Segment Start: Information supplied

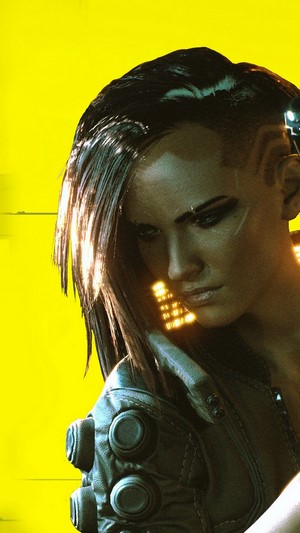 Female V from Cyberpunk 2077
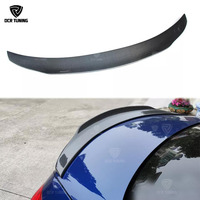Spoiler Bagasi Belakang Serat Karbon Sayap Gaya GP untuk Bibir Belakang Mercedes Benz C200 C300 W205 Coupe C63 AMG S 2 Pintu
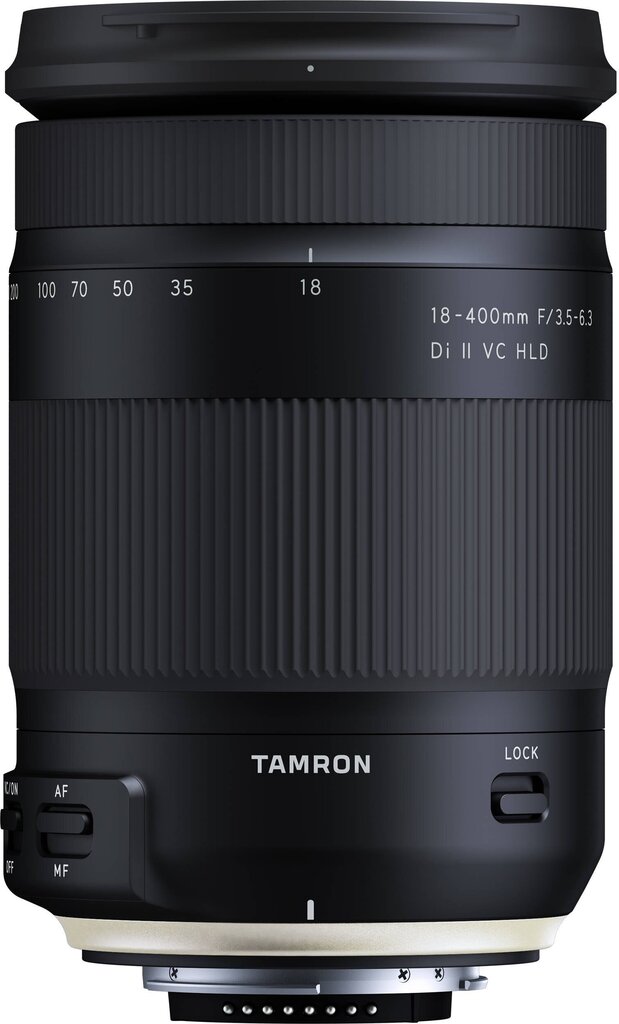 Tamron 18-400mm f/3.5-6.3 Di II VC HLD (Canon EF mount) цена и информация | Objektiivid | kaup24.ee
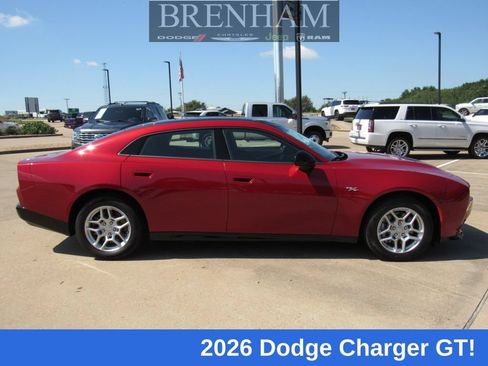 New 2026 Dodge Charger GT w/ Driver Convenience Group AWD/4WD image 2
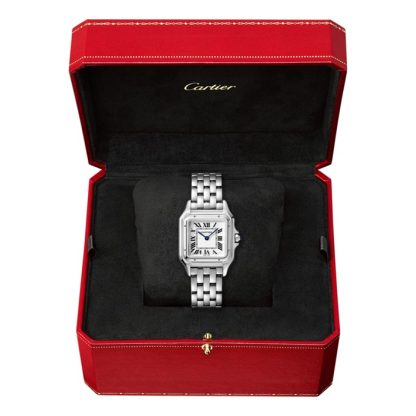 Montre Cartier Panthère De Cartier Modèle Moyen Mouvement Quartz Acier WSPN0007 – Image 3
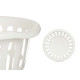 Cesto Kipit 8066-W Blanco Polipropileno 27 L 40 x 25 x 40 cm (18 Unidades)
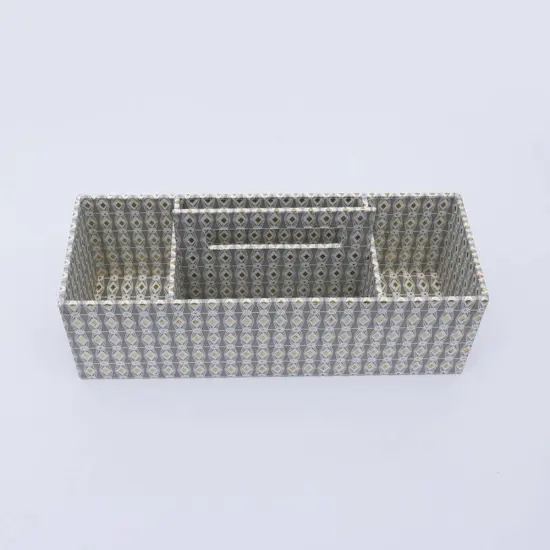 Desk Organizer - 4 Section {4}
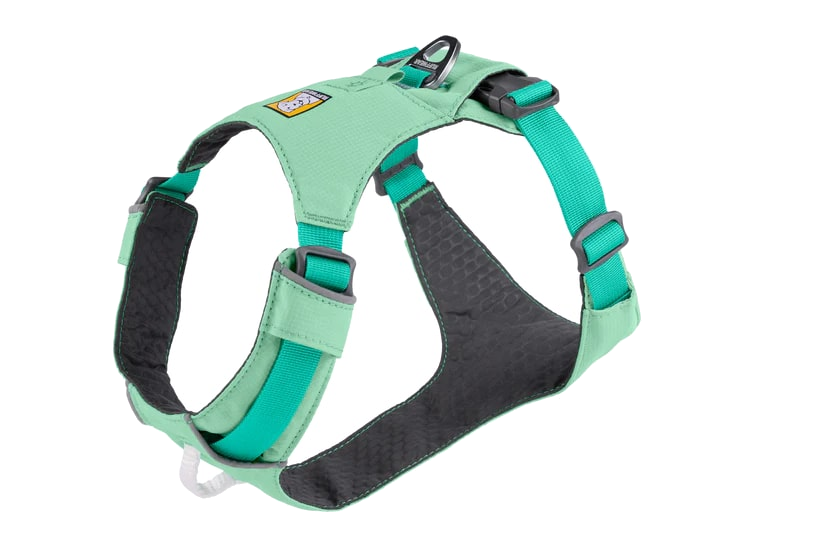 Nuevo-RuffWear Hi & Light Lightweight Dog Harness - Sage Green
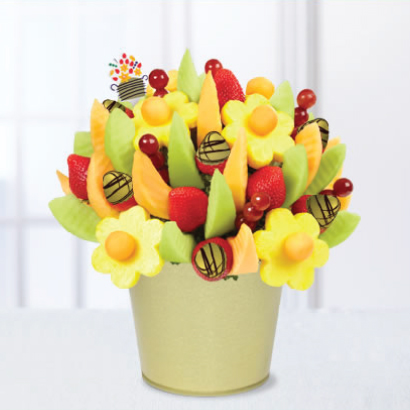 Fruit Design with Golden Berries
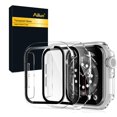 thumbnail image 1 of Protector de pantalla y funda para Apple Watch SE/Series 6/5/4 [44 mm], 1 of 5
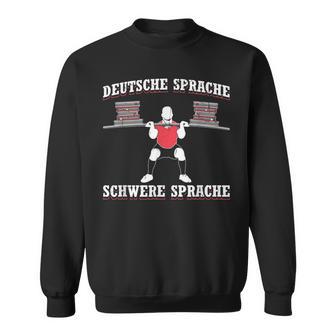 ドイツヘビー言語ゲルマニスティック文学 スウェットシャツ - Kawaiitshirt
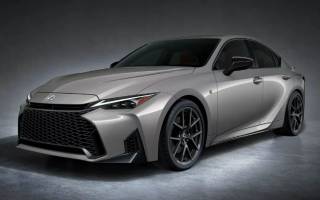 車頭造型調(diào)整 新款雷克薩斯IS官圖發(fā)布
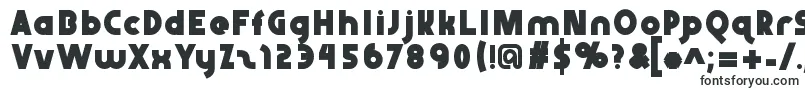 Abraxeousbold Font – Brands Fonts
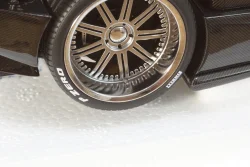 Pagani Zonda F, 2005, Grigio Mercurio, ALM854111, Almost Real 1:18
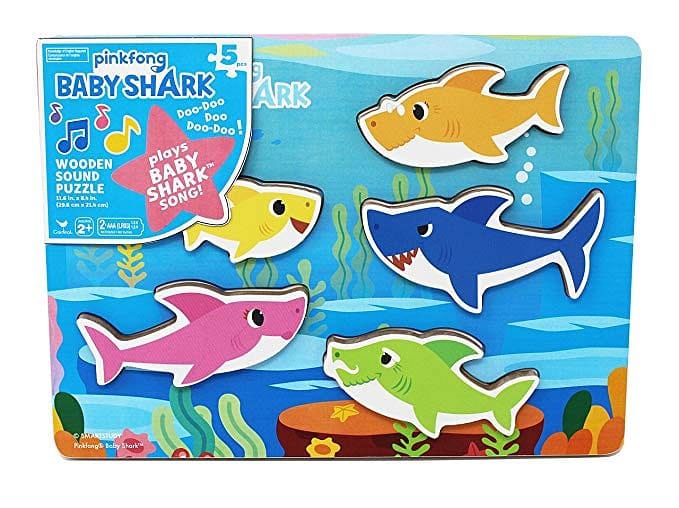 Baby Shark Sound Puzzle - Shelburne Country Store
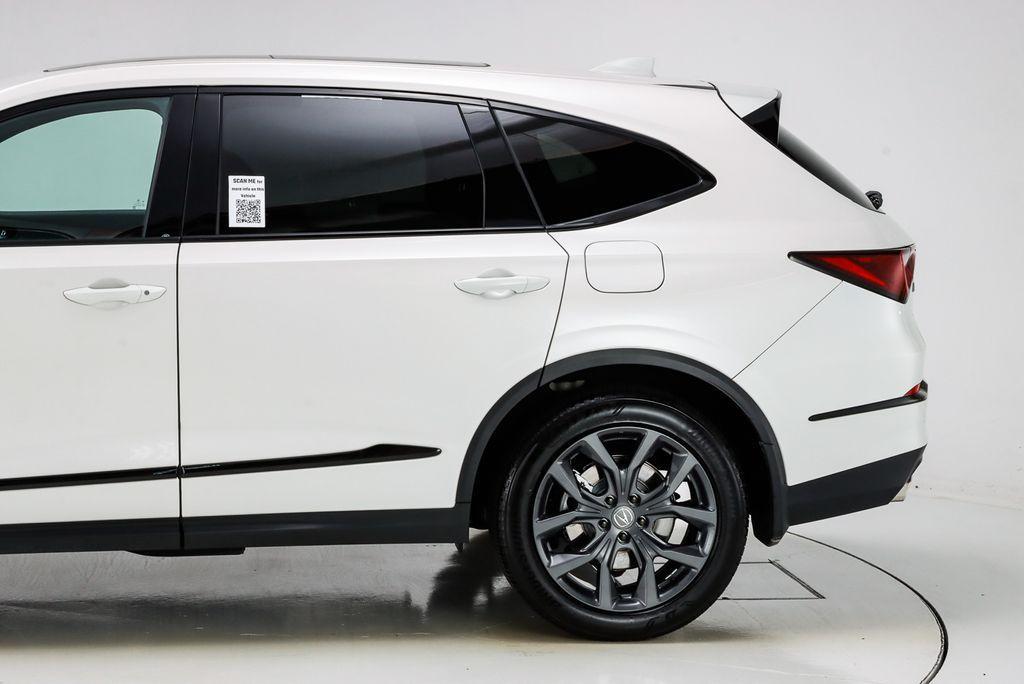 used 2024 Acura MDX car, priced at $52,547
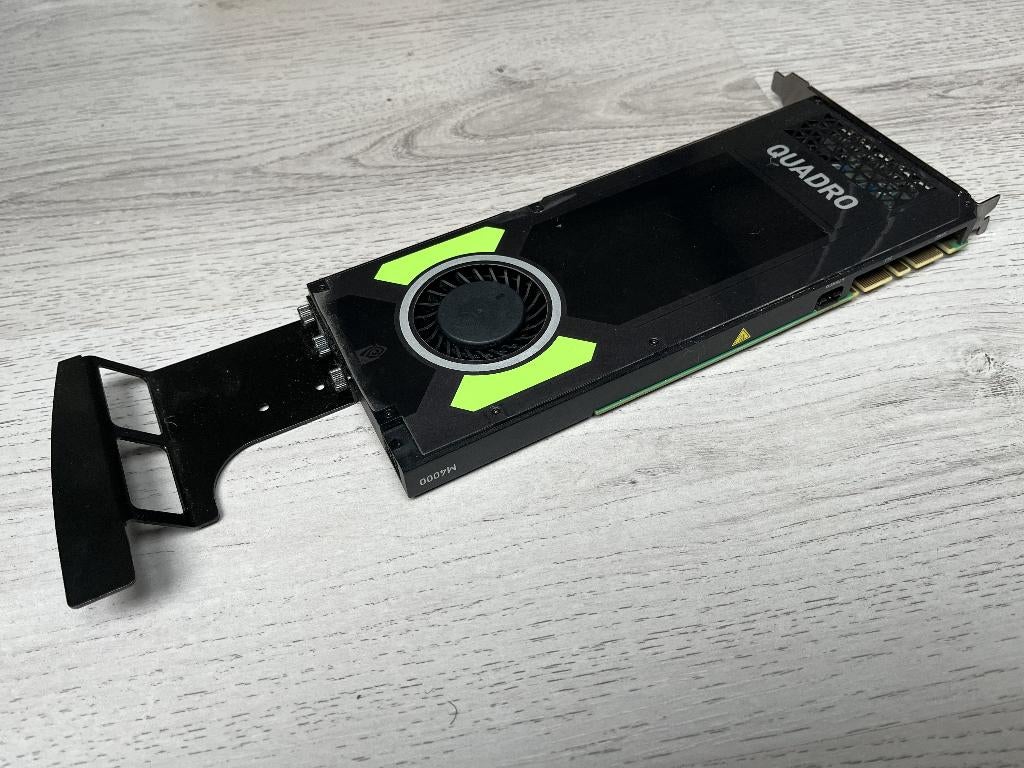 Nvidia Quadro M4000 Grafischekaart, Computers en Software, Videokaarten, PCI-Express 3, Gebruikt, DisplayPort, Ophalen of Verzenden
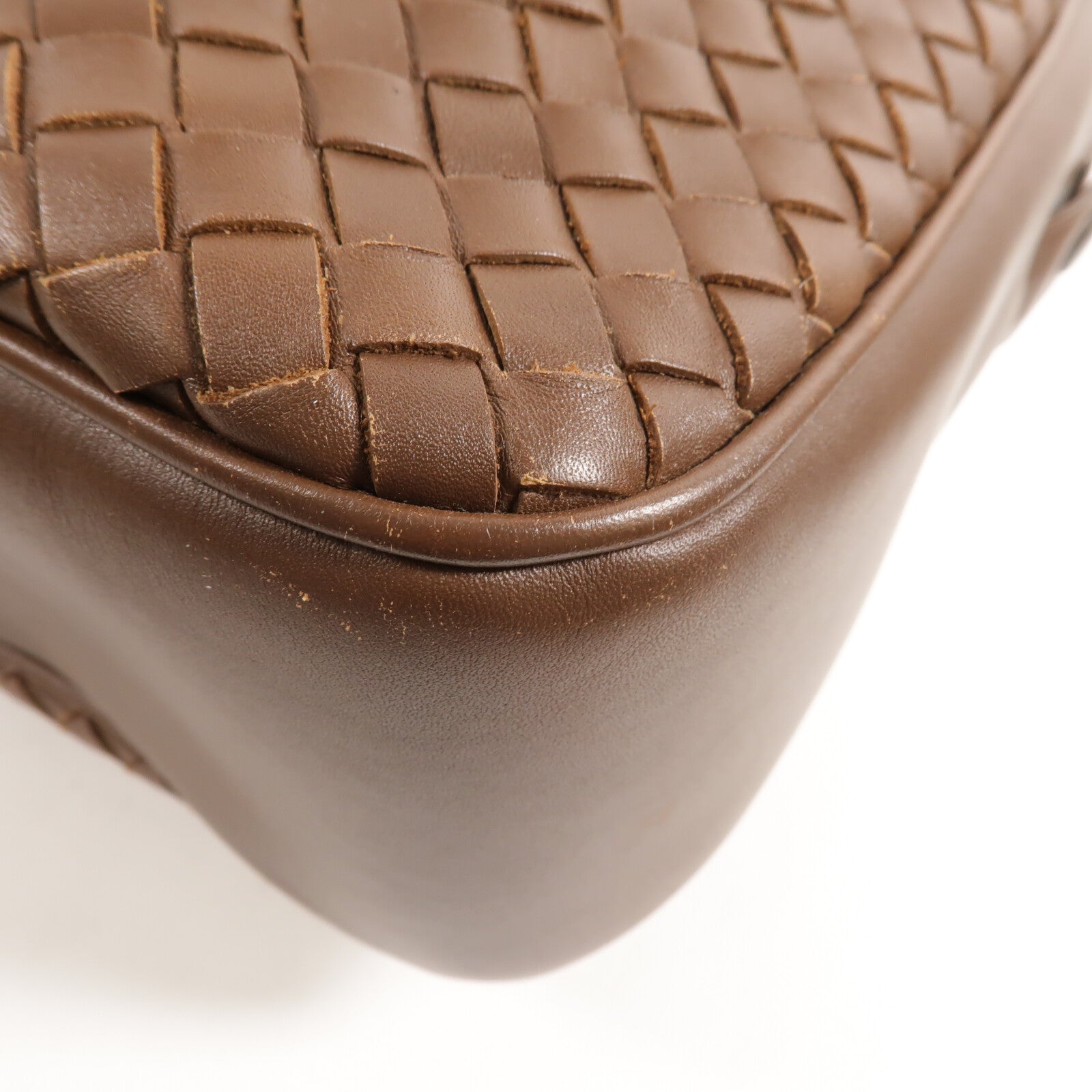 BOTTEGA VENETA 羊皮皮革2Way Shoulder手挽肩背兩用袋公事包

Segment End: Information supplied

Problem details
Only lines belong in the copy: transcribe those from the start of the data through the line that contains "New 2026 Dodge", and skip the pictures.

Solution to this task
 Female V from Cyberpunk 2077
Spoiler Bagasi Belakang Serat Karbon Sayap Gaya GP untuk Bibir Belakang Mercedes Benz C200 C300 W205 Coupe C63 AMG S 2 Pintu
 Tamron 18-400mm f/3.5-6.3 Di II VC HLD (Canon EF mount) цена и информация | Objektiivid | kaup24.ee
 New 2026 Dodge Charger GT w/ Driver Convenience Group AWD/4WD image 2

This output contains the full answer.